A simple gem to more elegantly place a staging server or other in-progress rails application behind a basic codeword. It’s easy to implement, share with clients/collaborators, and more beautiful than the typical password-protection sheet.
“Can I come into your fort?”
“…what’s the codeword?”
(currently used in production with Rails 3.X, Rails 4.X, Rails 5.X, and Rails 6.X)

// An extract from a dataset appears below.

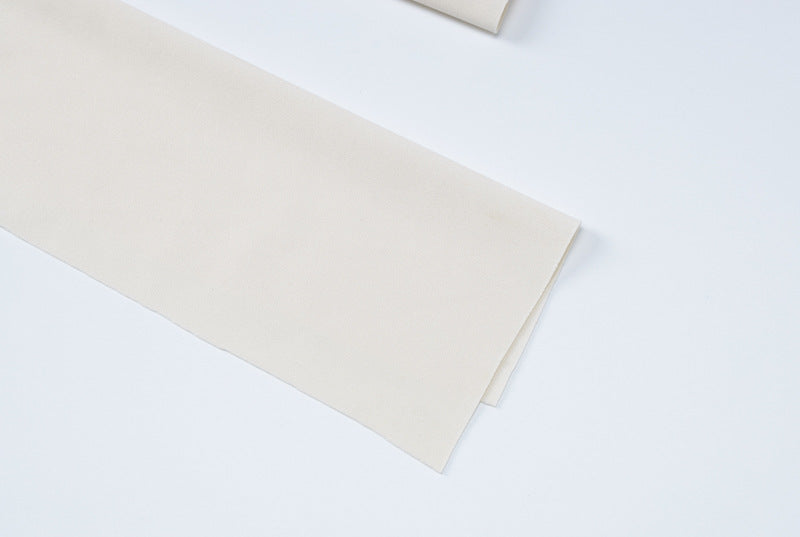 Women's Summer Fashion Chic One Shoulder Floater Solid Color Long Dress 20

- Add this line to your application’s Gemfile:
gem 'lockup'
-
Define a codeword (see Usage below).
-
Mount the engine in your application’s routes file (usually first, for best results):
mount Lockup::Engine, at: '/lockup'
To set a codeword, define LOCKUP_CODEWORD in your environments/your_environment.rb file like so:
ENV['LOCKUP_CODEWORD'] = 'secret'
If you think you might need a hint:
ENV['LOCKUP_HINT'] = 'Something that you do not tell everyone.'
If you’re using Rails >= 4.1 or Rails >= 5.2, you can add your Lockup Codeword via Rails Secrets or Rails Credentials functionality in your secrets.yml
or credentials.yml.enc
file, respectively:
lockup_codeword: 'love'
lockup_hint: 'Pepé Le Pew'
Alternately, Rails Credentials in >= 5.2 may be organized under the lockup
namespace:
lockup:
codeword: 'love'
hint: 'Pepé Le Pew'
If you’re using Figaro, set your Lockup codeword and hint (optional) in your application.yml file:
lockup_codeword: 'love'
lockup_hint: 'Pepé Le Pew'
Codewords are not case-sensitive, by design. Keep it simple.
-
Follow the installation instructions above.
-
In your application_controller.rb file, add:
skip_before_action :check_for_lockup, raise: false
- In the controller(s) you would like to restrict:
before_action :check_for_lockup
http://somedomain.com/or_path/?lockup_codeword=love
The visitor is redirected and the cookie is set without them ever seeing the Lockup splash page.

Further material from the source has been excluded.